Фольклористы 1920–1930-х пишут об отмирании и перерождении привычных жанров фольклора. Былина, сказка, духовный стих, обрядовая песня плохо согласуются в своем традиционном виде с прокламируемым радикализмом социальных и культурных перемен в жизни страны. В ряду жанров, обреченных на исчезновение под натиском городской культуры и коллективизации, называется и колыбельная песня[1]. Статья Юрия Соколова о колыбельных, помещенная в пятом томе «Литературной энциклопедии» (1931), прочитывается как некролог. Традиционные «песни, исполняемые матерью или нянькой при укачивании ребенка» (так определяет колыбельные автор этой статьи) в новой социальной действительности не имеют будущего уже потому, что обнаруживают черты пережиточной архаики и социально-предосудительного происхождения. С одной стороны, поясняет Соколов, колыбельные связаны с «идеализацией быта и хозяйства — проявлением магических пожеланий и заклинаний», сферой обрядового фольклора (подблюдными песнями, колядками, свадебными величаниями), а с другой — со «средой господствующих классов старой Руси», патриархальным семейным укладом и классовым неравенством (описанием богатства/бедности, противопоставлением труда и праздности). Есть, впрочем, у колыбельных и такая особенность, которая могла бы оправдать их присутствие в советской культуре, а именно — их ритмическое сходство с «рабочими» песнями, «отображающими в себе ритмы трудового процесса», представленного в данном случае как «ритм движений раскачивающейся колыбели», передаваемый двустрочной строфой с парными соседними рифмами с преобладанием четырехстопного хорея. Но будущее, по Соколову, неотвратимо: «традиционная колыбельная песня или вымрет начисто, или сильно видоизменится и по содержанию и по форме»[2].
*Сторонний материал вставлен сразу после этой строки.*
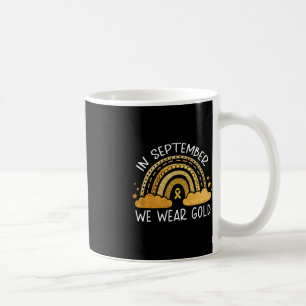 Taza De Café En Septiembre Usamos El Awarene Del Cáncer Infanti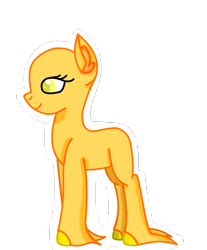 Size: 1188x1434 | Tagged: safe, artist:goldlines005, imported from derpibooru, oc, oc only, earth pony, pony, bald, base, earth pony oc, eyelashes, female, hoof fluff, mare, simple background, smiling, solo, transparent background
О характере таких изменений речь пойдет ниже, но скажем сразу, что будущее продемонстрировало парадоксальную ревизию жанра.
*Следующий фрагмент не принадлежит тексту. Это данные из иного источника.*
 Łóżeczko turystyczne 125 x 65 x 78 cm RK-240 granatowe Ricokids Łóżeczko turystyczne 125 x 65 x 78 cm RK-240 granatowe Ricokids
Подобно эпосу и сказке, колыбельные песни могут быть названы жанром, который репрезентирует советскую культуру как культуру фольклорных традиций. В обширной работе о русской колыбельной песне в фольклоре и литературе Валентин Головин бегло отметил, что «советская идеологическая культура охотно использовала такие универсальные жанровые модели, как колыбельная песня, поскольку сила воздействия жанровой формы фольклорного происхождения, имеющей обязательные магические коннотации, очень велика»[3]. Указание на магию как на сферу эмоциональной суггестии, связывающую фольклор и тоталитарную культуру, в принципиальном отношении сомнений не вызывает[4], но представляется недостаточным, чтобы ответить на вопрос, почему неравнодушие тоталитаризма к фольклору проявляется в разных культурах различным образом и избирательно в жанровом плане. Ритмическая основа колыбельных, роднящая их, по вышеприведенному мнению Соколова, с «рабочими песнями» также, вероятно, может быть истолкована как напоминание о «магических коннотациях» архаических форм обрядовых песнопений. Но что это дает, за исключением уже известного вывода о том, что фольклор богат ритмическими текстами, а последние суггестивны в эмоциональном и психологическом отношении?[5] Решение этого вопроса, как я полагаю, надлежит искать в иной плоскости — не в сравнении тоталитаризма с обрядовым фольклором, а в уточнении «ближайшего» пропагандистского контекста (условно соотносимого с медиальным и содержательным функционированием тех или иных текстов в обществе), допускавшего присутствие колыбельного жанра в тоталитарной культуре.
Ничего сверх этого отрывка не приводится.